There are no studies about whether unschooling and unfettered access to video games has a positive or negative effect on child development. However, there is considerable evidence that an unhealthy attachment to anything, be it videos, food, or getting perfect grades, can stunt emotional and physical growth and if a parent feels that such an attachment is hurting their child and seeks to do something about it they should not be banished from unschooling for doing so. If watchful waiting is no longer an option for the parents, then they should try something else and see if that helps the child and them live better together.
I support parents who decide to allow their children unfettered access to video games and I have published stories in GWS about the success of this strategy; I vividly remember one we published in the 1990s when a boy who could play videos as much as he wanted eventually decided to sell all his video games because he decided that they prevented him from spending time doing other things he wanted to do. However, I also support and published stories about parents who dealt with this issue differently, because their personalities, beliefs, and family situations are completely different, yet they, too, found a way to unschool their children. Just as one size does not fit all in school, one size does not fit all in unschooling.
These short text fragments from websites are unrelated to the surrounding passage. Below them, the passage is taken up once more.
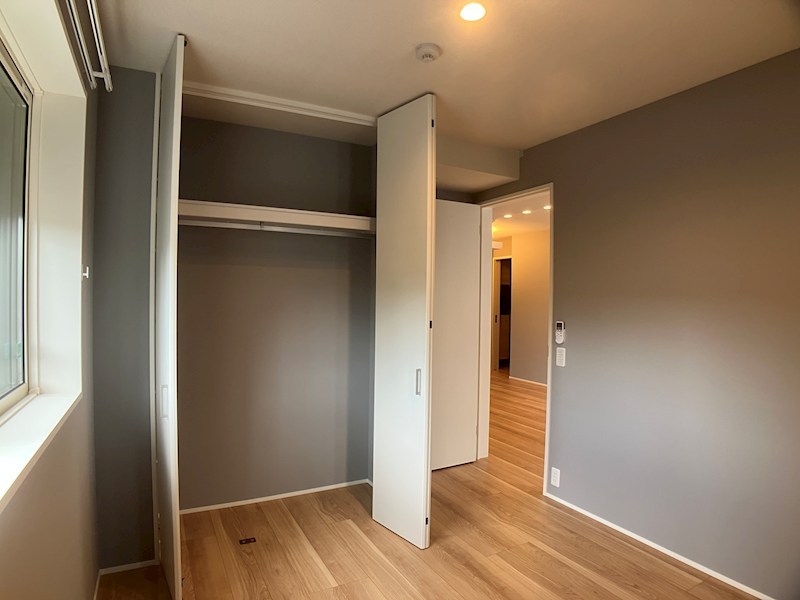 ジ　ワン　今泉 その他6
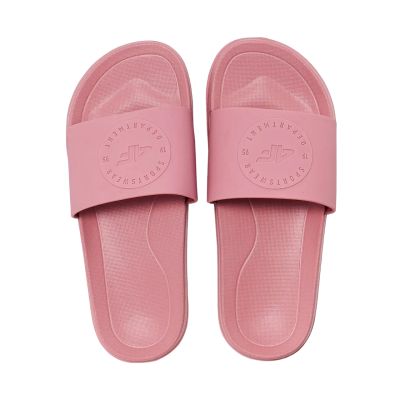 14. Flip-Flops 4F F016A Jr 4FJMM00FFLIF016A 56S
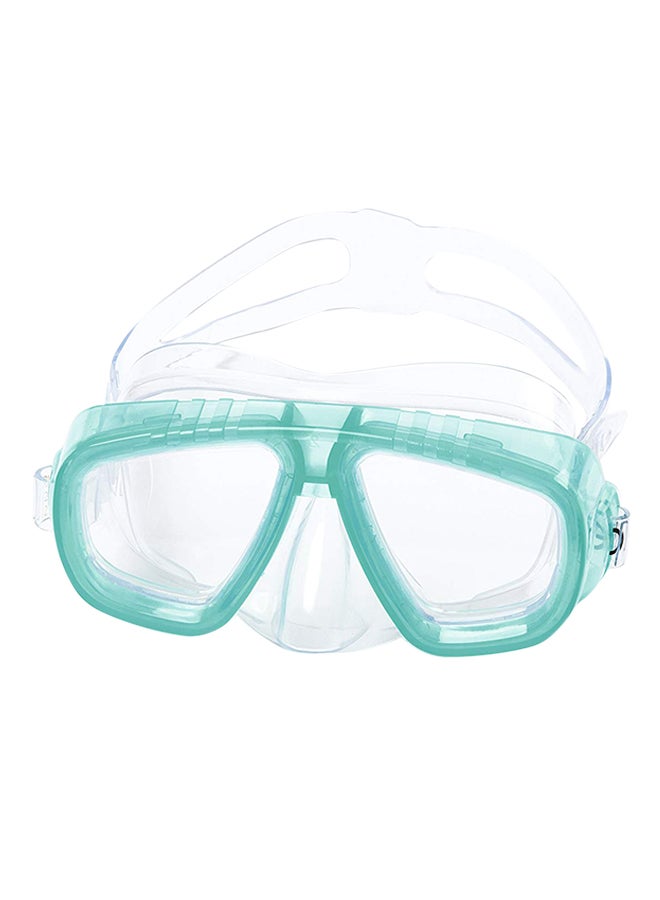 Aqua Champ Essential Mask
Unschooling is first and foremost an educational approach. Unschooling was not created by Holt, nor propagated by my colleagues and me since Holt’s death in 1985, to be an ideological parenting method, though I think unschooling certainly informs one’s parenting. Just as we trust children to discover and learn things in their own way, so, too, can parents be trusted to figure out how unschooling will work in their family and adapt it to their relationships with each of their children. There are varieties of unschooling, such as radical unschooling, Christian unschooling, and so on, and they are all important developments for people seeking ways to learn without schooling. But the common, broader element that unites them all is the word “unschooling,” meaning we are not doing school at home with our children. That’s what unites us and makes unschooling an educational movement, as it has been since Holt coined the word in 1977. To claim that only one particular way of parenting and raising one’s children is unschooling does a disservice to Holt’s work and to all the people who are seeking, however imperfectly, to do something more meaningful with their children than schoolwork.